To address the limited robustness of single-modality 3D object detection in autonomous driving, this paper proposes MV2DFusion, a bias-free sparse fusion framework for camera and LiDAR modalities. Its core innovation is a novel modality-specific query generation mechanism: the image branch models texture semantics, while the point cloud branch captures geometric structure; these are deeply fused via Transformer-driven cross-modal semantic alignment and object-level sparse interaction. By decoupling modality-specific characteristics, MV2DFusion supports plug-and-play integration of arbitrary single-modality detectors, achieving both superior performance and architectural flexibility. Extensive experiments demonstrate state-of-the-art results on nuScenes and Argoverse2 benchmarks, with particularly significant improvements in long-range detection—surpassing prior methods in both mAP and NDS.

The rise of autonomous vehicles has significantly increased the demand for robust 3D object detection systems.
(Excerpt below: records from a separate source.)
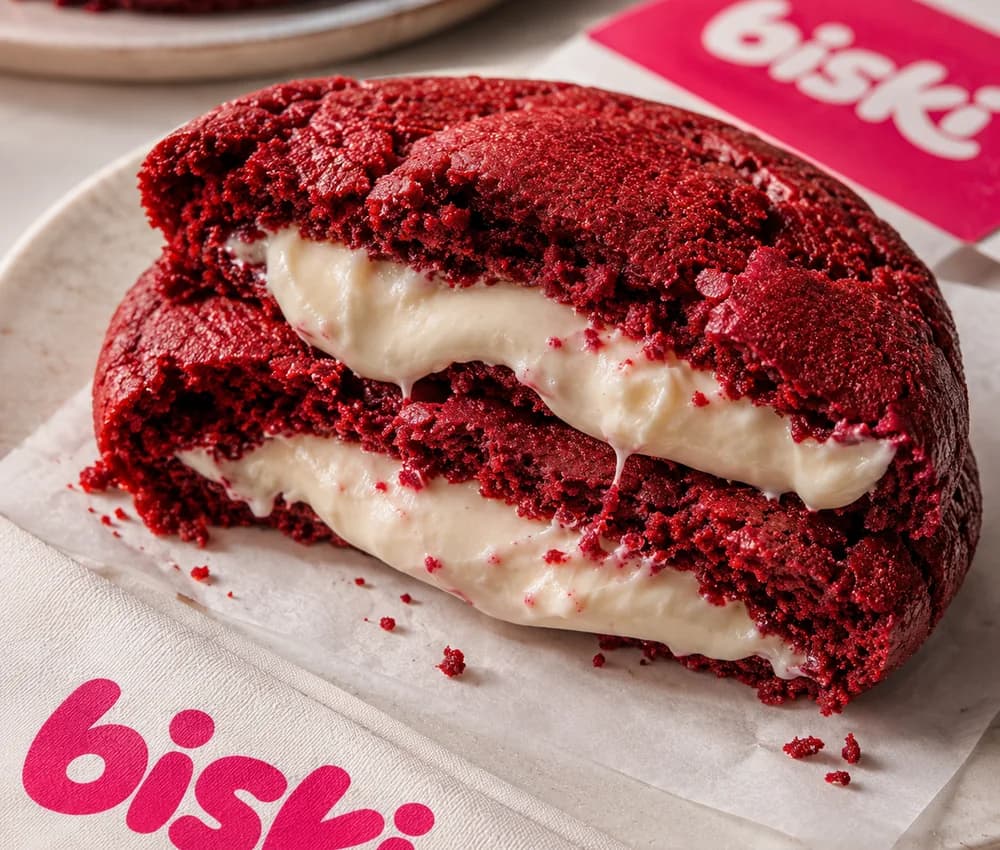 Cookie red velvet vermelho aberto ao meio, com recheio branco cremoso transbordando sobre papel da biski.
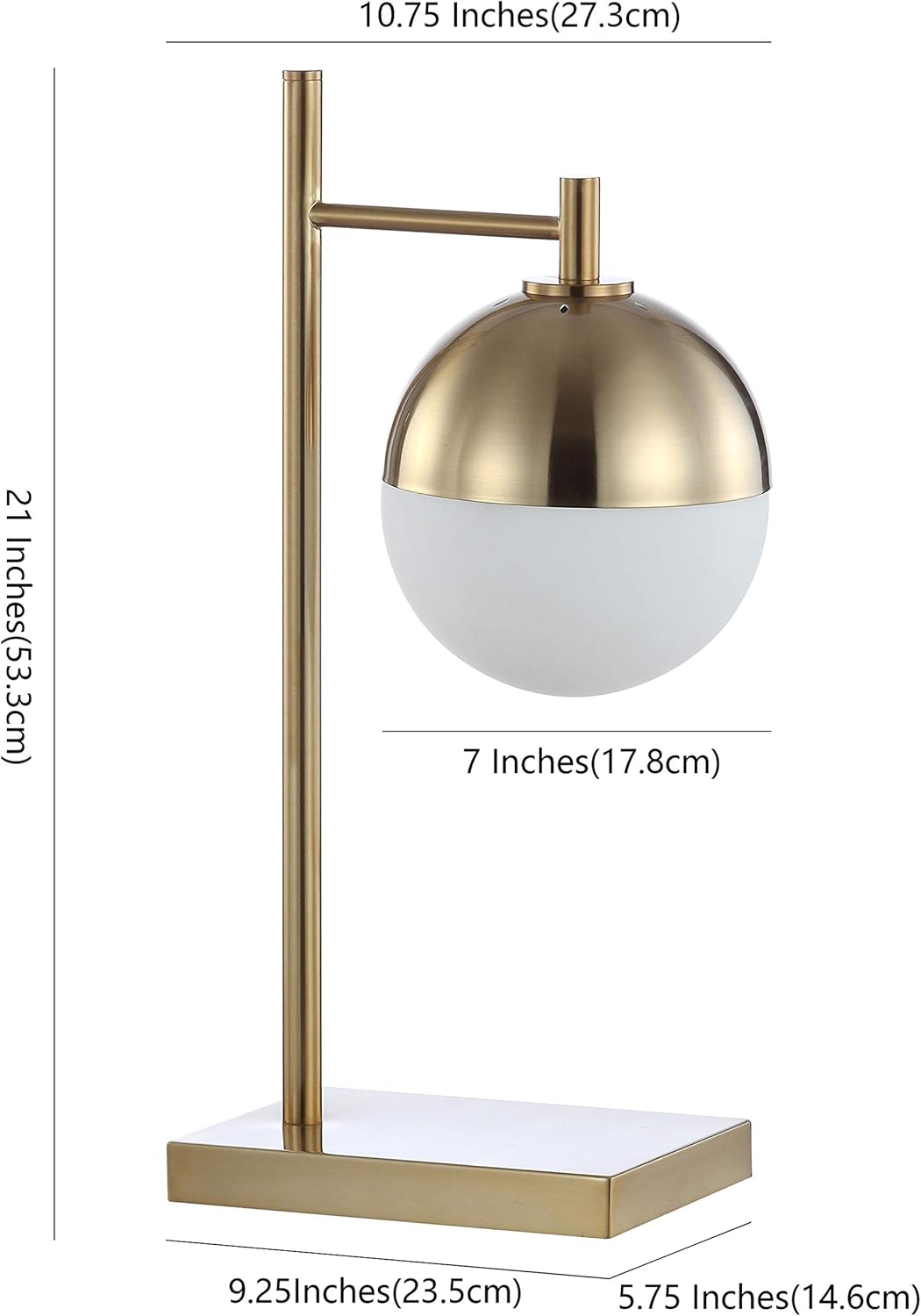JONATHAN Y 21" Brass Gold Art Deco Globe LED Table Lamp, Mid-Century Modern Glam Iron Lamp with White Frosted Glass Shade for Living Room Bedroom, LED Bulb Included JYL6012A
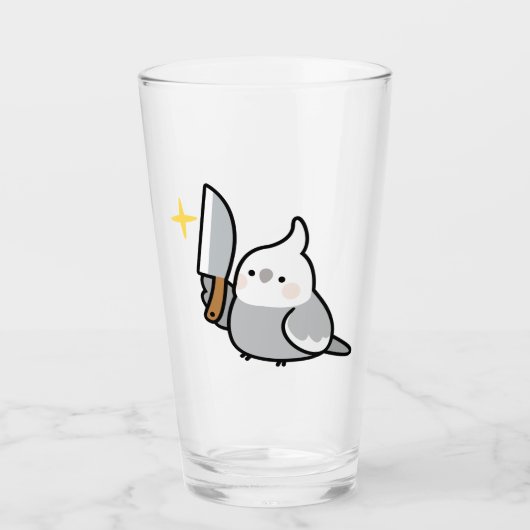 Stabby Cockatiel（白い顔をした）ガラス杯 タンブラーグラス (正面)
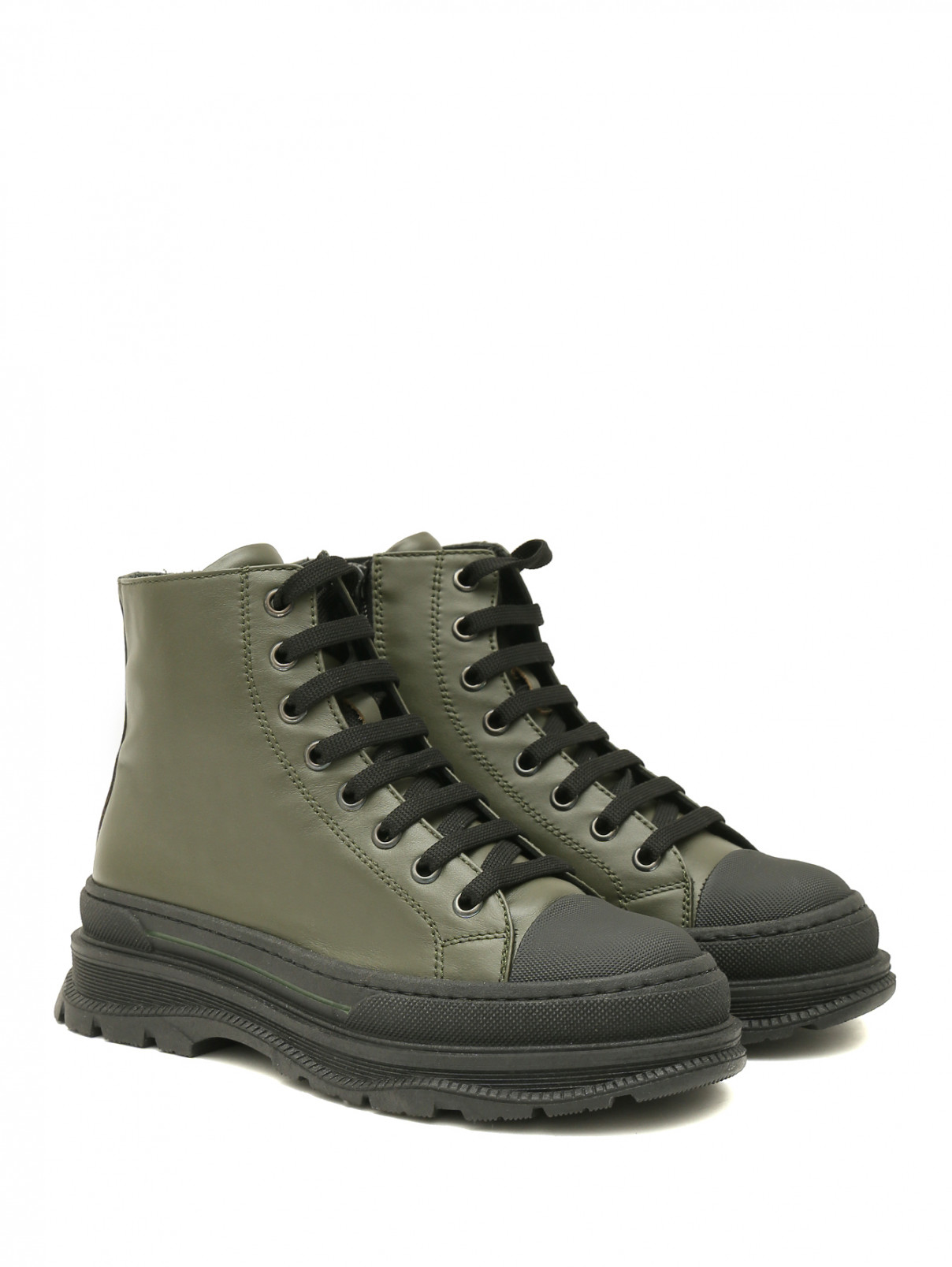 Ботинки из кожи на молнии и шнуровке Missouri  –  Общий вид  – Цвет:  Зеленый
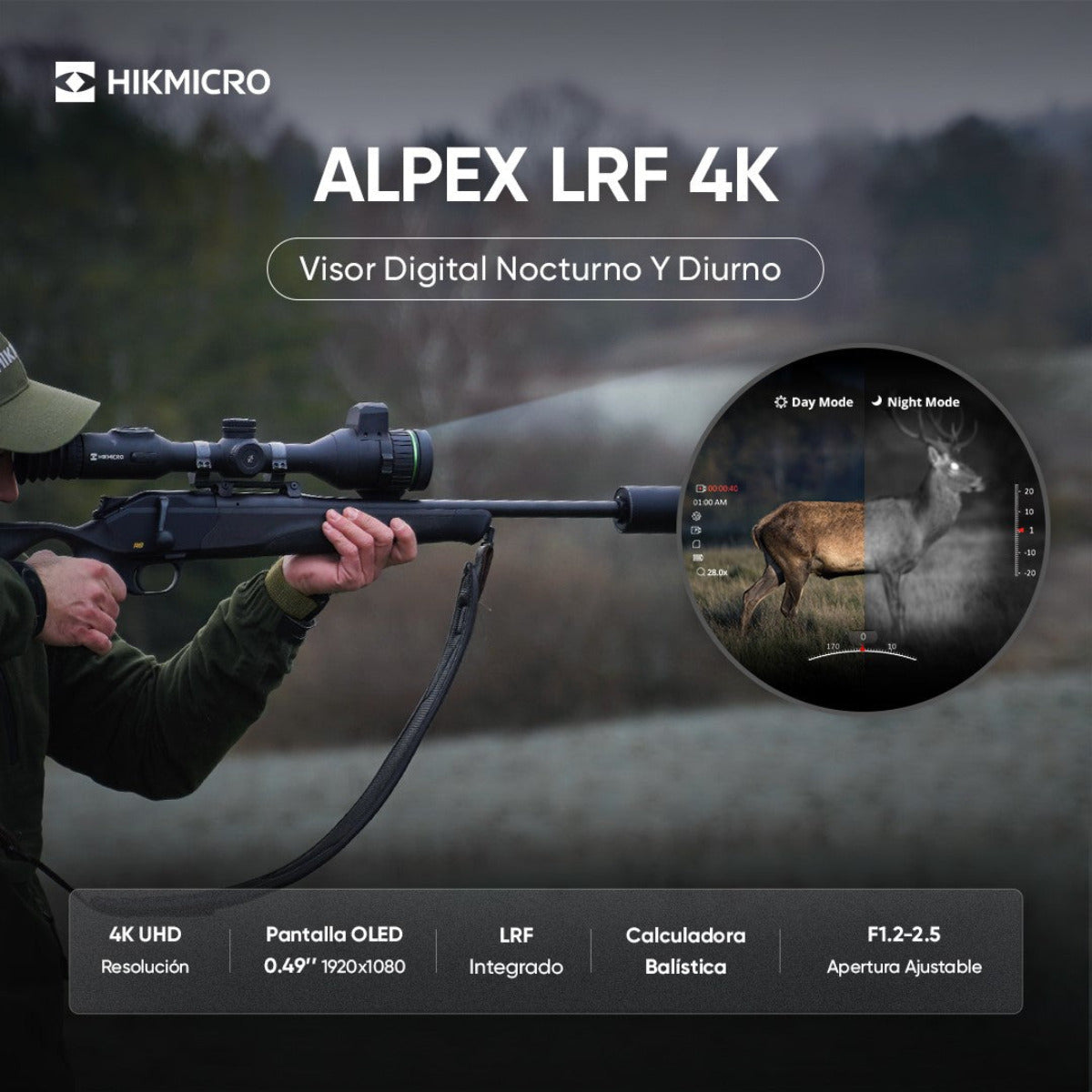 Visor digital nocturno diurno HIKMICRO Alpex LRF 4K A50EL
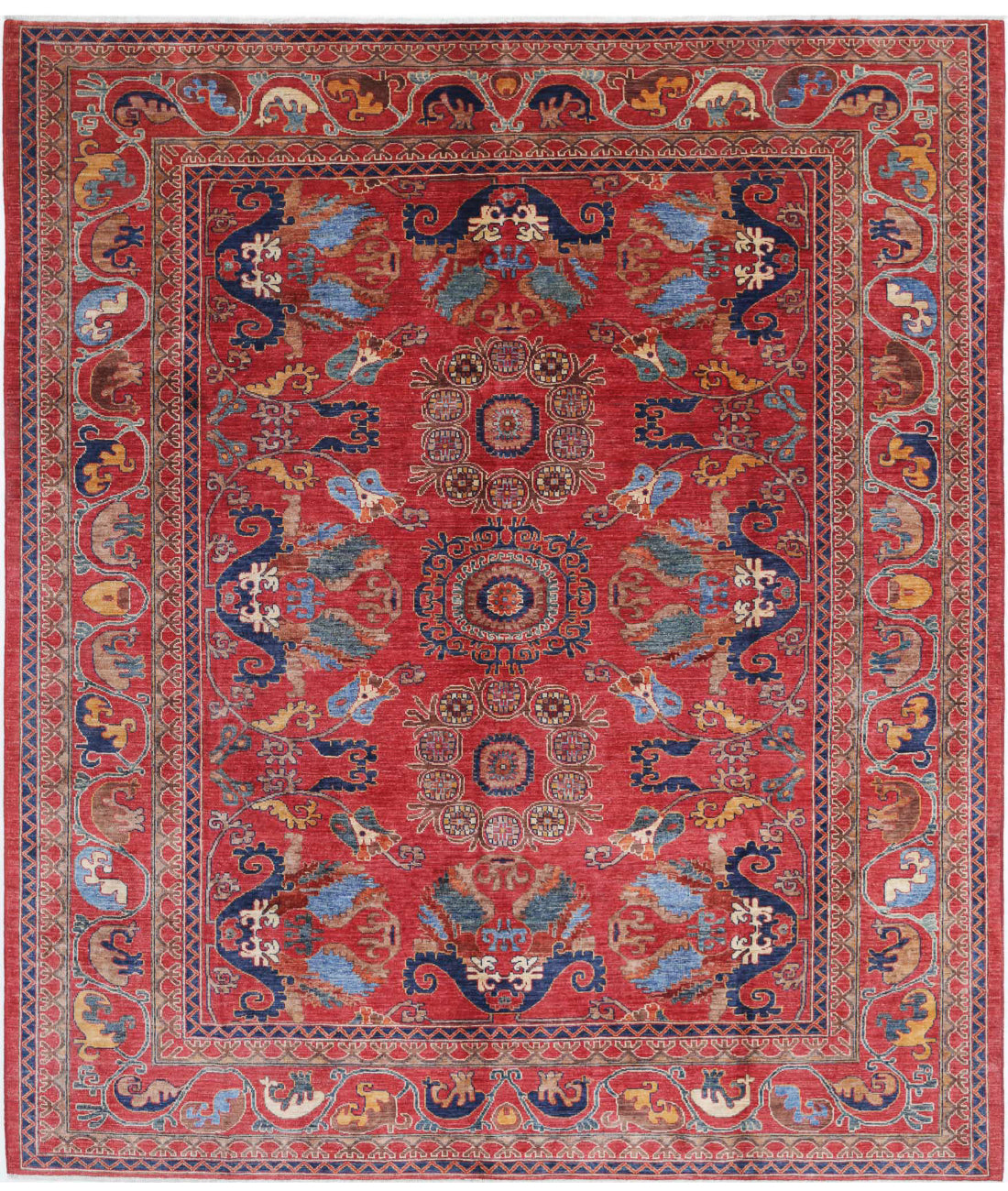 Hand Knotted Nomadic Caucasian Humna Wool Rug - 8&#39;4&#39;&#39; x 9&#39;8&#39;&#39; 8&#39;4&#39;&#39; x 9&#39;8&#39;&#39; (250 X 290) / Red / Blue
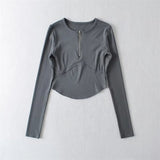 Women T-shirt Skinny Short Sports Top Long Sleeve Yoga Wear Women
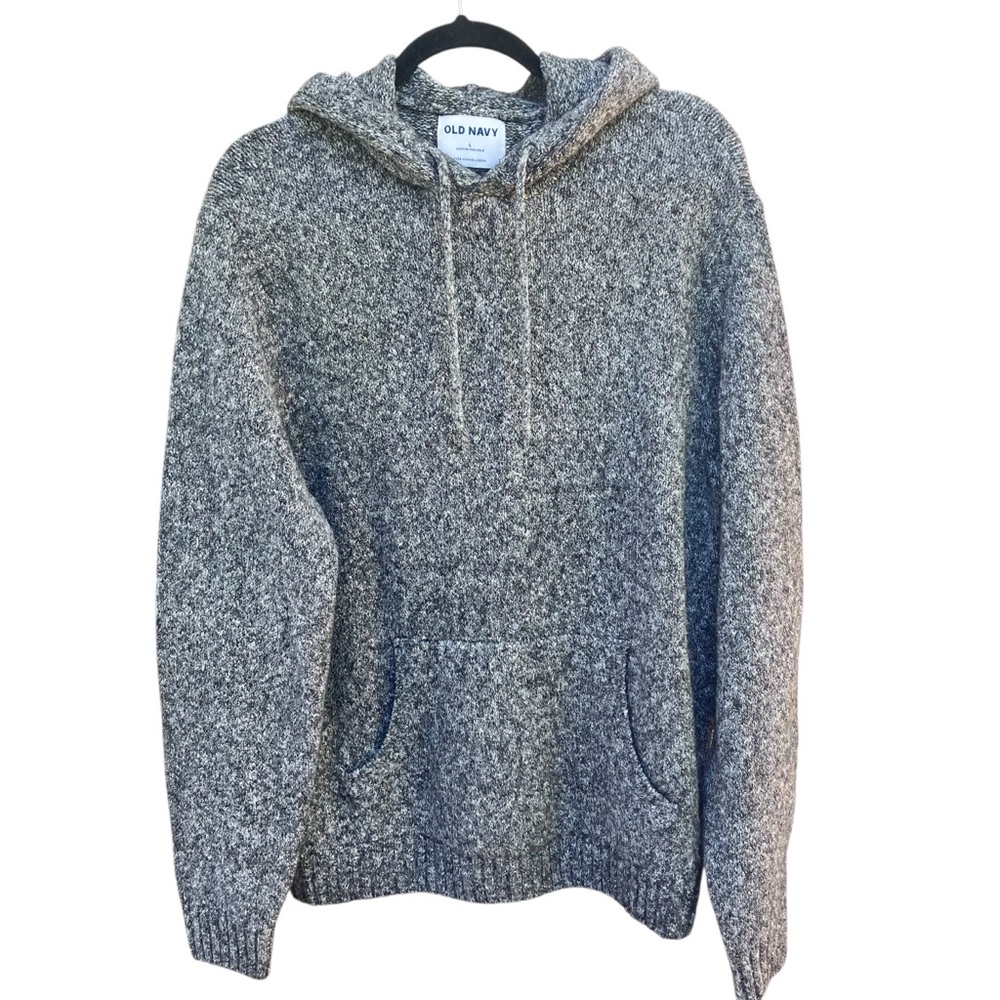 Old Navy Men's L Gray Marled Knit Hoodie Cozy Minimalist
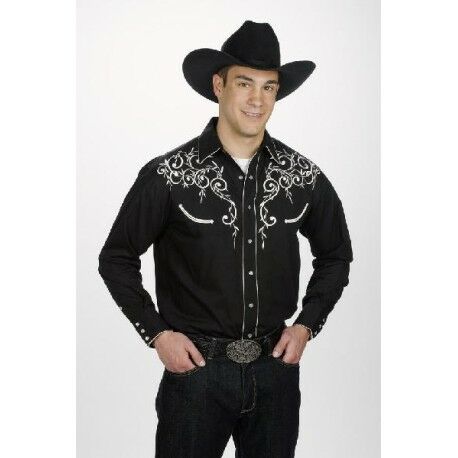 chemise cowboy noir brodee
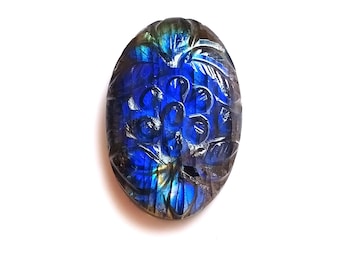 Carved Labradorite Gemstone: Mughal Carving, Jewelry Making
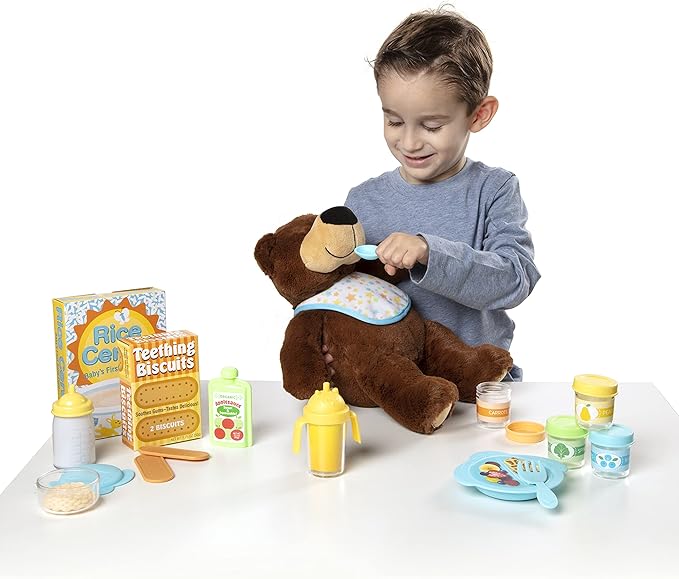 Melissa & Doug Mine to Love Mealtime Play Set for Dolls with Bottle, Pretend Baby Food Jars, Snack Pouch, More (24 pcs)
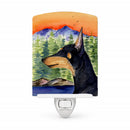 Manchester Terrier Ceramic Night Light Compact, UL-Certified, Ideal for Bedroom, Bathroom, Nursery, Hallway, Kitchen, 6x4x3, Multicolor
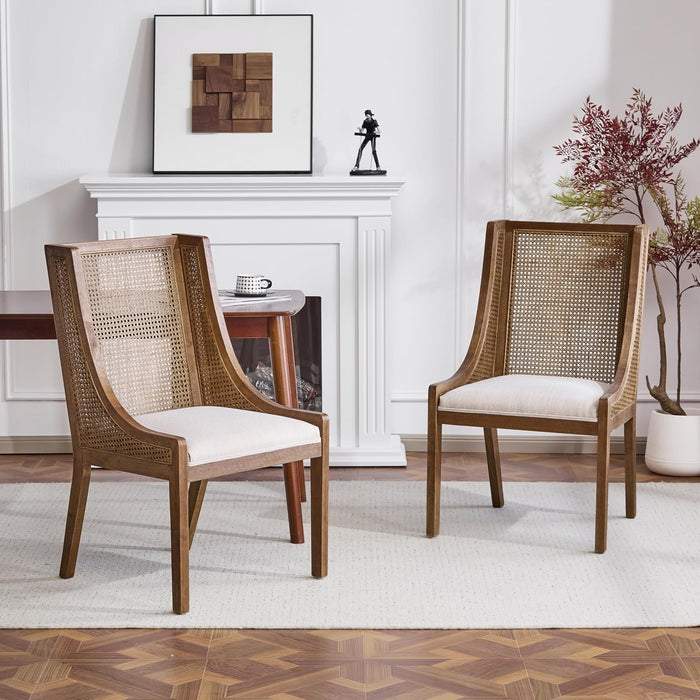 Yone Dining Chairs Set of 2, Modern Dining Chair with Fabric Upholstery, Rubberwood Frame Kitchen Chairs with Cane Webbing, Extra Seat for Dining Room, Beige + Brown
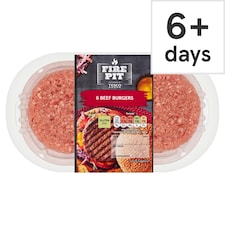 Tesco Fire Pit 6 Beef Burgers 730g 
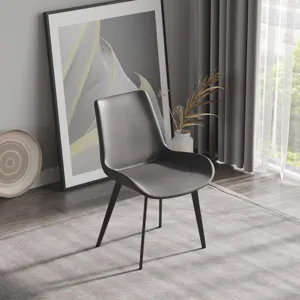 Modern Dining Chair Living Room Metal Leg Dining Chair (Set of 2) - Black / Gray
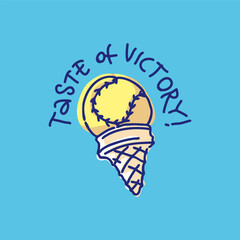 Taste of victory t-shirt design with baseball ice-cream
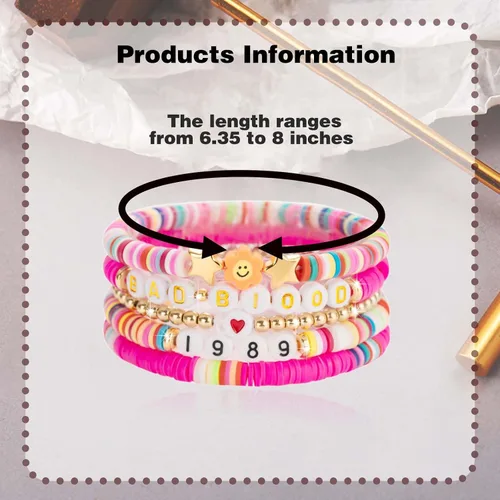Vista 5 de COARVXA 5 pulseras inspiradas en álbumes de Taylor Lover Fearless Reputation 1989 para música de Eras Music, juego de pulseras bohemias para playa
While cameras and LiDAR sensors each offer unique advantages--cameras provide rich texture information and LiDAR offers precise 3D spatial data--relying on a single modality often leads to performance limitations. This paper introduces MV2DFusion, a multi-modal detection framework that integrates the strengths of both worlds through an advanced query-based fusion mechanism. By introducing an image query generator to align with image-specific attributes and a point cloud query generator, MV2DFusion effectively combines modality-specific object semantics without biasing toward one single modality. Then the sparse fusion process can be accomplished based on the valuable object semantics, ensuring efficient and accurate object detection across various scenarios. Our framework's flexibility allows it to integrate with any image and point cloud-based detectors, showcasing its adaptability and potential for future advancements. Extensive evaluations on the nuScenes and Argoverse2 datasets demonstrate that MV2DFusion achieves state-of-the-art performance, particularly excelling in long-range detection scenarios.